Nous avons rencontré deux problèmes avec ce script :

  • Lors du redemarrage des containers, nous étions systématiquement obligés de redémarrer manuellement le proxy pour qu’il prenne en compte les nouvelles IP des containers. On utilisait bien des noms de domaines dans les vhosts de nginx, mais le fichier hosts de la machine n’était pas pris en compte sans que l’on redémarre le service.
  • Le script custom n’était pas compatible avec la commande sed de mac os.

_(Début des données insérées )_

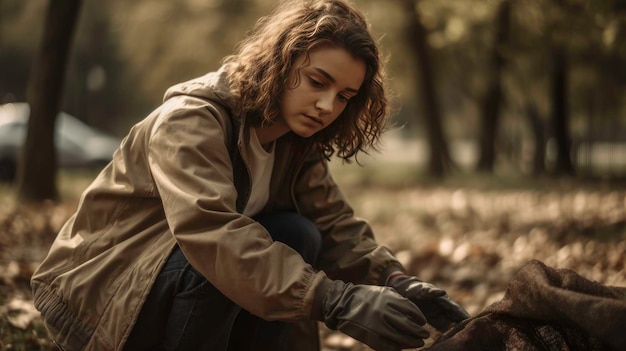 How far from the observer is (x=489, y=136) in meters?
16.8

Reverse proxy nginx dans un container Docker

Le script de modification du fichier hosts de l’hôte étant très lourd a gérer, à maintenir et à utiliser en dev et sous mac, nous avons cherché et trouvé une bien meilleure solution :

le projet https://github.com/jwilder/nginx-proxy

Son utilisation est extrèmement simple, il suffit de lancer un container avec la commande :

docker run -d -p 8080:80 \
	   -v /var/run/docker.sock:/tmp/docker.sock jwilder/nginx-proxy

Une fois ce container lancé, nous disposons d’un reverse proxy nginx automatique vers tous nos containers Docker applicatifs.

Il va détecter automatiquement les containers qui nécessitent d’avoir un vhost sur le reverse proxy, c’est magique.

Il suffit d’injecter dans les containers applicatifs (via le fichier docker-composer.yml dans notre cas) une variable d’environnement qui correspondra au ServerName / ServerAlias associé au container Web.

web:
    build: docker/web
    working_dir: /var/www
    environment:
       - VIRTUAL_HOST=www.zol.fr,zol.fr

Mais évidemment, tout n’est pas si facile… Impossible de faire tourner en même temps le nginx que nous utilisions pour l’ensemble des projets (vagrant et docker), ET ce fameux container qui s’auto-configure… En effet, on ne peut pas lancer deux services sur un même port pour une même IP.

Face à ça, nous avons imaginé plusieurs solutions :

  • Faire tourner le container et le serveur nginx sur des ports différents… Le souci étant que nos clients auraient eu des urls en http://domain:81 par exemple, pas très pratique…

  • Obtenir une nouvelle IP auprès de notre hébergeur et utiliser une IP pour le nouveau proxy et une pour l’ancien. Le souci étant que pour faciliter la procédure de mise en pré-production, tous les sous-domaines de .preprod.zol.fr pointent vers la même IP. Il aurait donc fallu soit avoir deux sous domaines *.preprod.zol.fr et *.preprod-new.zol.fr par exemple. Soit enregistrer manuellement les entrées DNS chez notre hoster. Pénible !

  • Utiliser un proxy devant les proxy :)

Nous avons logiquement décidé d’utiliser la troisième solution et nous avons pour cela mis en place la stack suivante en utilisant Varnish comme reverse proxy principal :

Tous les nouveaux projets de ZOL étant développés avec docker, nous avons donc deux backend Varnish… Un premier backend nginxDocker qui redirige les requêtes HTTP vers le container nginx, et un second, nginxHost, pour rediriger les requêtes HTTP sur ce qui est devenu l’ancien backend, à savoir le serveur nginx installé sur la machine.

Le fichier de configuration de Varnish ressemble à :

backend nginxHost {
        .host = "127.0.0.1";
        .port = "8081";
        .first_byte_timeout = 600s;
        .between_bytes_timeout = 600s;
}

backend nginxDocker {
        .host = "127.0.0.1";
        .port = "8080";
        .first_byte_timeout = 600s;
        .between_bytes_timeout = 600s;
}


sub vcl_recv {
  if (req.http.host ~ "^atlive" || req.http.host  ~ "^prestadom" || req.http.host  ~ "^recrutemoi"  || req.http.host  ~ "^geoffre-front" ) {
              set req.backend = nginxHost;
  } else {
            set req.backend = nginxDocker;
        }
}

Vous l’aurez deviné, il faut faire tourner les différents reverse proxy sur des ports différents :

  • Varnish sur le port 80
  • Reverse proxy Docker sur le port 8080
  • Reverse proxy sur l’hôte sur le port 8081

La configuration de Varnish permet de rediriger correctement vers Docker ou Vagrant.

Nous avons utilisé Varnish comme point d’entrée sur notre serveur. Nous aurions pu utiliser n’importe quel autre reverse proxy.

Voilà, comment nous avons fait évoluer notre plate forme de pré-production au fil du temps, avec les différentes contraintes liées à l’utilisation de Vagrant et Docker sur une même machine.